In common with most UK tramway operators, Ilkeston employed female staff (as conductresses) during the Great War to replace men lost to the armed services. These ladies were certainly issued with jackets and long matching skirts, though precisely what form the jackets took is unknown, as surviving photographs only show them in long single-breasted overcoats with prominent buttons and high, fold-over collars, the latter being devoid of insignia. Headgear took the form of a baggy cap with a stiff glossy peak; these bore standard, 'off-the-shelf' script-lettering 'Conductor' badges.
For a history of the tramway, see 'Ilkeston Tramways - Derbyshire's First Electric Tramway' by Barry M Marsden; The Ilkeston and District Local History Society (2002).
Motormen and conductors
Tramcar No 5 stands outside the depot, in pristine condition and bedecked for the opening ceremony - photo undated, but more than likely taken on the morning of the 16th May 1903. Photo courtesy of the Barry Marsden collection.
A blow-up of the above photo showing the conductor and motorman, both of whom are wearing, with the sole exception of script-lettering grade badges, informal attire. Uniforms were presumably late in arriving, an astonishing fact given that the trams had been waiting around for many months for the electricity supply to finally be switched on.
Probably the entire operating staff, together with various officials and local luminaries, pose for a formal shot outside the tramcar depot in Park Road - photo undated, but probably taken following delivery of the uniforms, almost certainly in summer 1903. There are eight motormen, eight conductors and two inspectors. Photo courtesy of the Barry Marsden collection.
A blow-up of the above photo showing a conductor (top) and two motormen. The kepi-style caps carry script-lettering grade badges and an oval badge of unknown pattern; the 'I C T' collar initials are easily made out.

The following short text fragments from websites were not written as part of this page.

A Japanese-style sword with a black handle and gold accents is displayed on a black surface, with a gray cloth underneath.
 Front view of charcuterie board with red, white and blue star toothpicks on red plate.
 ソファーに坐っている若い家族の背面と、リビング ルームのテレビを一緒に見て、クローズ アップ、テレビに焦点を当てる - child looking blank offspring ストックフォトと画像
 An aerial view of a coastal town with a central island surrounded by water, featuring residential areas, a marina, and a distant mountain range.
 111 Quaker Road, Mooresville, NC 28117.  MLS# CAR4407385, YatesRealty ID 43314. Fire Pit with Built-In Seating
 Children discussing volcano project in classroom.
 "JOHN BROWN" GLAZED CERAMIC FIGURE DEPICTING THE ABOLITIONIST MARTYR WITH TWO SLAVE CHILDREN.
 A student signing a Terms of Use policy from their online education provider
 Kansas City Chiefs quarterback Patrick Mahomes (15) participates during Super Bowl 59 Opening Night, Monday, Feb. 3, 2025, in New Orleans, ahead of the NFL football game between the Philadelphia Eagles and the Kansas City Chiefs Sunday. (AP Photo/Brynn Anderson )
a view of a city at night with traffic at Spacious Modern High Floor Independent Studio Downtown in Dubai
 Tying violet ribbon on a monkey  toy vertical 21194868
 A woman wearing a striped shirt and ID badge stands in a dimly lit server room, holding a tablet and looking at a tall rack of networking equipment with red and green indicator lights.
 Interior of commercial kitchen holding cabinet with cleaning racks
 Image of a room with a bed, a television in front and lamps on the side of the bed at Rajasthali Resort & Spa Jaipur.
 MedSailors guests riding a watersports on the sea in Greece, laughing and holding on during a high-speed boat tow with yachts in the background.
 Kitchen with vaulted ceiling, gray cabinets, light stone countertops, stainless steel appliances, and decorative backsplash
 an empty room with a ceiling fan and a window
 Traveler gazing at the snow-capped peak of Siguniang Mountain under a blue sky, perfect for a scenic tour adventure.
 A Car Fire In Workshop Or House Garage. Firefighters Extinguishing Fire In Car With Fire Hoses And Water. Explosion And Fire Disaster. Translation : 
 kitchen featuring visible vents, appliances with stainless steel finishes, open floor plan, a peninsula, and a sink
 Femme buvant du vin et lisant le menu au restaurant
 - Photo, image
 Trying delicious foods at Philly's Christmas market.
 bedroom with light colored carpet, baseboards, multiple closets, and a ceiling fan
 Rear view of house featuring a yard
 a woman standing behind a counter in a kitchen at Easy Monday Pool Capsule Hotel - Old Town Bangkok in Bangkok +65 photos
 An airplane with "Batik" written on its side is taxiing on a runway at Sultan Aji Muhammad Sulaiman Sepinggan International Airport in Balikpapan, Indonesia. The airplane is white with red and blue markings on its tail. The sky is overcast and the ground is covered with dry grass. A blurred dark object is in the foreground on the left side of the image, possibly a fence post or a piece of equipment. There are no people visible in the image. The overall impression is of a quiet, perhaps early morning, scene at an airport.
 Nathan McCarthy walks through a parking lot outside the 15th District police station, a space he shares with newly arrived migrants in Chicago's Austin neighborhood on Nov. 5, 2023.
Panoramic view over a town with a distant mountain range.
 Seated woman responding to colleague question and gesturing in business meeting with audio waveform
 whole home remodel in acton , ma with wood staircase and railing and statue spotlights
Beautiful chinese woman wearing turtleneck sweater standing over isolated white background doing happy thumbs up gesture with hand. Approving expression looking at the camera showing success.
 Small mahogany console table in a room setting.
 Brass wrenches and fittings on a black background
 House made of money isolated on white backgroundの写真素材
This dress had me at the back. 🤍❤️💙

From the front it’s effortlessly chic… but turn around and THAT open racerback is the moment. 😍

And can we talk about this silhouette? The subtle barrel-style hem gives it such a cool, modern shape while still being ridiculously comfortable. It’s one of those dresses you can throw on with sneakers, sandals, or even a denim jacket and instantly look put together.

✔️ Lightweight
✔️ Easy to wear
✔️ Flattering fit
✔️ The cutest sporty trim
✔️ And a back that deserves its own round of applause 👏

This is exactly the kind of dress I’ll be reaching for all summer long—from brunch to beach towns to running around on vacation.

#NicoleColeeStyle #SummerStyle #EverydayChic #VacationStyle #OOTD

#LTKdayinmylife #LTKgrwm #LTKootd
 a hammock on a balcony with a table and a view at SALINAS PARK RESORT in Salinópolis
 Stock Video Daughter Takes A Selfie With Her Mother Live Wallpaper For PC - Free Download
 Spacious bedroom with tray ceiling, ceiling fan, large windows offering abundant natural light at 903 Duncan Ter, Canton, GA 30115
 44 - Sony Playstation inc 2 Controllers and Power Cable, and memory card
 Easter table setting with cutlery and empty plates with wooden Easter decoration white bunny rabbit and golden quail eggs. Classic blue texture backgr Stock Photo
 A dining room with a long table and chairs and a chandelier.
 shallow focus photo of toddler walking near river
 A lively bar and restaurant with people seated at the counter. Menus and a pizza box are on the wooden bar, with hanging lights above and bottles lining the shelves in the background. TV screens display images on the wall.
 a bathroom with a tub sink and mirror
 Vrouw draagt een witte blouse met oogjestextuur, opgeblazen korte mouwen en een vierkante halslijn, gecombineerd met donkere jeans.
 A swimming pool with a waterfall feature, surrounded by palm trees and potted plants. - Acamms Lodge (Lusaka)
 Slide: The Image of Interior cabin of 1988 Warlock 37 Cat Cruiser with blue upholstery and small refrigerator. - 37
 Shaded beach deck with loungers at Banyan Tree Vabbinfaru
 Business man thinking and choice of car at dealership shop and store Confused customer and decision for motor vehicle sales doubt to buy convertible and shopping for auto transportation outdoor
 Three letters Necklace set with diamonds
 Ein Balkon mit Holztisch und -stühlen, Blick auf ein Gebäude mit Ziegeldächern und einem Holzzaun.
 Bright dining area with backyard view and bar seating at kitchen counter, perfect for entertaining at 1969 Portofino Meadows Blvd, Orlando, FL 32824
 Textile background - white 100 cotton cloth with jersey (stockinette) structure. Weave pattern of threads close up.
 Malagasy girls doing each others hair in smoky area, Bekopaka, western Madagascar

Another blow-up of the staff photo above, this time showing two conductors (back) and two motormen. The subject in the middle is one of the few depicted who is not wearing an overcoat, thus revealing his 'lancer-style' tunic underneath. The employee numbers on the bearers' left-hand collars (of both tunics and overcoats) are easily made out.
General pattern script-lettering cap badges - Motorman and Conductor - brass, of the type used by Ilkeston Corporation Tramways.
A blow-up of the staff photo above showing one of the inspectors. Somewhat unusually for a UK tramway system, his script-lettering grade badge is clearly metal (presumably brass), rather than the almost ubiquitously used embroidered hat band.
Script-lettering grade badge of the type probably worn by Ilkeston inspectors, at least during the early years - brass.
The crew of a rather neglected-looking Tramcar No 8 pose for the cameraman at Cotmanhay in 1917. Author's collection.
A blow up of the above photo showing the conductress in single-breasted overcoat, and with a baggy cap with a glossy peak.